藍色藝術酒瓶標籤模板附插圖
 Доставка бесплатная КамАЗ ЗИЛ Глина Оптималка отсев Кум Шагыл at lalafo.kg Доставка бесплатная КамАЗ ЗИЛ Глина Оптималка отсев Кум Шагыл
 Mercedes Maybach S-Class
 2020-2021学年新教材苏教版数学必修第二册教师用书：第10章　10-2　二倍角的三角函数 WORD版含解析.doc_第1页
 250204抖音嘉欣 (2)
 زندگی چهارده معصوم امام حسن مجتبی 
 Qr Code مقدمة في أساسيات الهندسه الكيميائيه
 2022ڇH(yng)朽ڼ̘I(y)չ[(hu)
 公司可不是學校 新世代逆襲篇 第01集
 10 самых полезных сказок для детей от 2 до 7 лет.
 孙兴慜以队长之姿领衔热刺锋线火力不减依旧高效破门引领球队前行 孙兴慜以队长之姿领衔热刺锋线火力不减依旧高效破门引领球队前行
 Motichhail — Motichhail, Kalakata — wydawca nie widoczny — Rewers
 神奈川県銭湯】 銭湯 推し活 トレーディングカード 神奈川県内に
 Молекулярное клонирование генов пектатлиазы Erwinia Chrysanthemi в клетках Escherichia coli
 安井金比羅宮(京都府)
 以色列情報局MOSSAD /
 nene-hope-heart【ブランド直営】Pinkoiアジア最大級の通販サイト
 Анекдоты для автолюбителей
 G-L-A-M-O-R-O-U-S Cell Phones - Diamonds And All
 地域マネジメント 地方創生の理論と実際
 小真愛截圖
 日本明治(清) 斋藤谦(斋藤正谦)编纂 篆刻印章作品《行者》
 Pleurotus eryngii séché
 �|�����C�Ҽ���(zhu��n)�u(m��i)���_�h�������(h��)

• WORK INSTRUCTION: Please restate the material above, word for word and in full.

• RESPONSE TO THE EXERCISE:
藍色藝術酒瓶標籤模板附插圖
 Доставка бесплатная КамАЗ ЗИЛ Глина Оптималка отсев Кум Шагыл at lalafo.kg Доставка бесплатная КамАЗ ЗИЛ Глина Оптималка отсев Кум Шагыл
 Mercedes Maybach S-Class
 2020-2021学年新教材苏教版数学必修第二册教师用书：第10章　10-2　二倍角的三角函数 WORD版含解析.doc_第1页
 250204抖音嘉欣 (2)
 زندگی چهارده معصوم امام حسن مجتبی 
 Qr Code مقدمة في أساسيات الهندسه الكيميائيه
 2022ڇH(yng)朽ڼ̘I(y)չ[(hu)
 公司可不是學校 新世代逆襲篇 第01集
 10 самых полезных сказок для детей от 2 до 7 лет.
 孙兴慜以队长之姿领衔热刺锋线火力不减依旧高效破门引领球队前行 孙兴慜以队长之姿领衔热刺锋线火力不减依旧高效破门引领球队前行
 Motichhail — Motichhail, Kalakata — wydawca nie widoczny — Rewers
 神奈川県銭湯】 銭湯 推し活 トレーディングカード 神奈川県内に
 Молекулярное клонирование генов пектатлиазы Erwinia Chrysanthemi в клетках Escherichia coli
 安井金比羅宮(京都府)
 以色列情報局MOSSAD /
 nene-hope-heart【ブランド直営】Pinkoiアジア最大級の通販サイト
 Анекдоты для автолюбителей
 G-L-A-M-O-R-O-U-S Cell Phones - Diamonds And All
 地域マネジメント 地方創生の理論と実際
 小真愛截圖
 日本明治(清) 斋藤谦(斋藤正谦)编纂 篆刻印章作品《行者》
 Pleurotus eryngii séché
 �|�����C�Ҽ���(zhu��n)�u(m��i)���_�h�������(h��)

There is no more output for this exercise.